I did things in reverse. I grew my corporate chops for a dozen years working in and outside New York City working for ADT security systems at their corporate headquarters in the World Trade Center, Management Safeguards, Inc. at 2 Park Avenue (yes supervising undercover investigations that led to prison sentences), starting a greeting card company with my hugely talented roommate at 119 Waverly Place in the Village – that after three years was in thirty stores — as a successful reporter for the Rockland Journal News where I wrote an article that got William E. Vines, the supervisor of Clarkstown, NY indicted for a crooked land deal with the town’s biggest developer; and the more accidental crazed and blissful time we worked – more my roommate Arnie Clapman creating a children’s book on fighting Mr. Tooth Decay in a project with the champ, Muhammad Ali who I met in memorable circumstances at the Four Seasons in DC. there was more but that’s enough. and most of the course work for an MBA at Fordham.

But astrology mentions the “Saturn return” a time when a person feels an undeniable urge to get on with it – to commit to what life was given to them to pursue. Look into life biographies: that period about 29-32 is like a fire alarm saying JUST DO IT. That plus meditating with Sri Chinmoy and reading Rudolf Steiner and six months living at the largest Waldorf community in the country – opened all the stops for change.

If life bores you, risk it.

So I remember sticking my thumb out after Larry left at the top of a downslope on-ramp onto 81 thinking “I’m going to California.” It was February. By evening I thanked a guy who sold sunglasses who dropped me off in Durham NC – reading in a McDonalds till about eleven and, picking a moment no one would see, i moved outside into a dark corner in a wooded area, opened my bag and went to sleep. the pattern henceforth
Slow through South Carolina finally to Atlanta where I walked with my bag over my shoulder to a homeless shelter that I had called before my trip where I hoped to contribute.
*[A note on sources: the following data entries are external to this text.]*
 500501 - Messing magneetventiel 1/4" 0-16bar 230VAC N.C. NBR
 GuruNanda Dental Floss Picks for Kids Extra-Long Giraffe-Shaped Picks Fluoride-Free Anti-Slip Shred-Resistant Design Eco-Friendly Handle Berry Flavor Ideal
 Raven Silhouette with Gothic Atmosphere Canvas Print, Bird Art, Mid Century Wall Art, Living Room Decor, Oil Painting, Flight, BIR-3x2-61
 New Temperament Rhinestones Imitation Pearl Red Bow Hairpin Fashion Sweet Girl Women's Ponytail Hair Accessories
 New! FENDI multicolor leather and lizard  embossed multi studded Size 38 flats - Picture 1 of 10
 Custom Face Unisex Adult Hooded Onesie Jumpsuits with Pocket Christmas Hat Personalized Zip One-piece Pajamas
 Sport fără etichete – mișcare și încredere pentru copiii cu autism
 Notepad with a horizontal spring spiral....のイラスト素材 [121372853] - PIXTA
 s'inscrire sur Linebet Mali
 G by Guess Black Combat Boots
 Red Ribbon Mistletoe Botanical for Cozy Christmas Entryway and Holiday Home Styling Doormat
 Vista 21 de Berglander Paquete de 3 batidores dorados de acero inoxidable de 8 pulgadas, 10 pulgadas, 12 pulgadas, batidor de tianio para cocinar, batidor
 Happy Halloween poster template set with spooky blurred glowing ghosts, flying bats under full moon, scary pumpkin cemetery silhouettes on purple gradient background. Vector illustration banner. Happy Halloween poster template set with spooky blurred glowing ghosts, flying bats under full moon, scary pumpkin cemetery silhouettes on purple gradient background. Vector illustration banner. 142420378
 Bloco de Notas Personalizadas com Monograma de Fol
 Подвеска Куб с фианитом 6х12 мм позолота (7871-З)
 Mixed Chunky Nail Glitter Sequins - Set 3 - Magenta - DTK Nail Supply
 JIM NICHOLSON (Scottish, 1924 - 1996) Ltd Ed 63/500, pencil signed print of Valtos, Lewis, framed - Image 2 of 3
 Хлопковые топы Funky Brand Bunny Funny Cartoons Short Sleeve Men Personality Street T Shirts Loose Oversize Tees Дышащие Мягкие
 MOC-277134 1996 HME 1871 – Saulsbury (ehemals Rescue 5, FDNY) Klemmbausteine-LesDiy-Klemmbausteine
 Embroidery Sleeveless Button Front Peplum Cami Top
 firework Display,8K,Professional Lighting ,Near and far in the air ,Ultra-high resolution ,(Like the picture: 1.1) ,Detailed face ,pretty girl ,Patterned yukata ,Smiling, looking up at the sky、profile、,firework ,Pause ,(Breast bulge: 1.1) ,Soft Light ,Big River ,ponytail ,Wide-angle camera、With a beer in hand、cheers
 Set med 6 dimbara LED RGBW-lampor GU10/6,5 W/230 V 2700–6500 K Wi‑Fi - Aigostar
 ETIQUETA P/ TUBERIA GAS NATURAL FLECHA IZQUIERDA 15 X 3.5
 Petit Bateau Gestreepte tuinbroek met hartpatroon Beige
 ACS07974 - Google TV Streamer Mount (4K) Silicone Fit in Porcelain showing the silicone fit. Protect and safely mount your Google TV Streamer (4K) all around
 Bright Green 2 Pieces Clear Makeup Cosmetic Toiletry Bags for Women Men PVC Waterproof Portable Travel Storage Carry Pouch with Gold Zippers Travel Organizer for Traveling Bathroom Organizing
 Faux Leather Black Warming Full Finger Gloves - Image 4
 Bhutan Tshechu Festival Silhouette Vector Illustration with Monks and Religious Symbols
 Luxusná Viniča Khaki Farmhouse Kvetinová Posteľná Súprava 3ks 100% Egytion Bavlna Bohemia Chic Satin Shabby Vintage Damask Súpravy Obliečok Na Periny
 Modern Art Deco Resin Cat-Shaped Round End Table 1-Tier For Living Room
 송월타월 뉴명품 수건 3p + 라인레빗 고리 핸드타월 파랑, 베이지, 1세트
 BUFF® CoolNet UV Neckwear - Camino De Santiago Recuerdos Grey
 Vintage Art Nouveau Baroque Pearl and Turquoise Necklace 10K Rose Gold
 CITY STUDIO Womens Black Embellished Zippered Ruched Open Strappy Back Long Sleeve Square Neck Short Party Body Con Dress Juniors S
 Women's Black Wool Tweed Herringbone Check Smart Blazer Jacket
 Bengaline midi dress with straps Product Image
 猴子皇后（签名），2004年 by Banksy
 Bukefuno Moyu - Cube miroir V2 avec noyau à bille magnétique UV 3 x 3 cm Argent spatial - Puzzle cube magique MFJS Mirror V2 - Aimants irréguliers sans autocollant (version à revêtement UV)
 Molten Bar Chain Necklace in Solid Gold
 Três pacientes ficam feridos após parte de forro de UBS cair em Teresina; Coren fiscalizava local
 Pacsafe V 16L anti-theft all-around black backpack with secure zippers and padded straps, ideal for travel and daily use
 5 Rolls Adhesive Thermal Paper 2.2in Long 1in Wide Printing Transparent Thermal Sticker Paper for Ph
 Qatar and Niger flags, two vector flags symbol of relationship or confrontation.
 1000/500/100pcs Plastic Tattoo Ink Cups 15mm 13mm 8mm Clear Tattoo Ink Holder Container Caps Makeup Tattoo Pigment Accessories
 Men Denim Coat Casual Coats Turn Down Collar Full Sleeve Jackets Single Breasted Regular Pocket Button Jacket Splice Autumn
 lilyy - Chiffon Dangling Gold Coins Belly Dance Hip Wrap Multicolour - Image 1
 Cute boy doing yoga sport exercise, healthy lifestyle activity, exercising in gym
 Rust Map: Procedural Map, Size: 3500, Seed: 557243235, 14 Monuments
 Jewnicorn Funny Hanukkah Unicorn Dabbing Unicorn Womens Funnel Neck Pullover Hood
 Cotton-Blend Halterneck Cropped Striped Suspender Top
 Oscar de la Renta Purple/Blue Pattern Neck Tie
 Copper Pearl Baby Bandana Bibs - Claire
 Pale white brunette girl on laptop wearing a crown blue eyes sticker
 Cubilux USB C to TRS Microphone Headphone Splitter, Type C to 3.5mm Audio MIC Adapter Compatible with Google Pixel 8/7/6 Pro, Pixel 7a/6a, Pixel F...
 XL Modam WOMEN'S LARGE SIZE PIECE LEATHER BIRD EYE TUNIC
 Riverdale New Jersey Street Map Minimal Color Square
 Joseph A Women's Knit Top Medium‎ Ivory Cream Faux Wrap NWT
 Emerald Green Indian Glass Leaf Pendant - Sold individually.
I washed dishes but in about two days I moved on, took the mass transit subway to the last point on the line – the westernmost stop, got out. It fell to the twenties that night. I learned you needed to burrow all the way under the covers and in the bag and to start trying to sleep at about 8 PM.

I got to Montgomery, Alabama the next day on route 10, was dropped off at a shopping center, a big plant nursery up on a hill. It was closed and dark. I slipped into a bushy area alongside the building and fell asleep. The next morning, feeling glorious — and me exultant – I was singing full throated with my soul the song called wildfire “”she went riding wild fire wildfire … wild, wild wildfire – while i was doing my morning pee with no hands. “What the hell?!” I turned around and it was an older man (the owner)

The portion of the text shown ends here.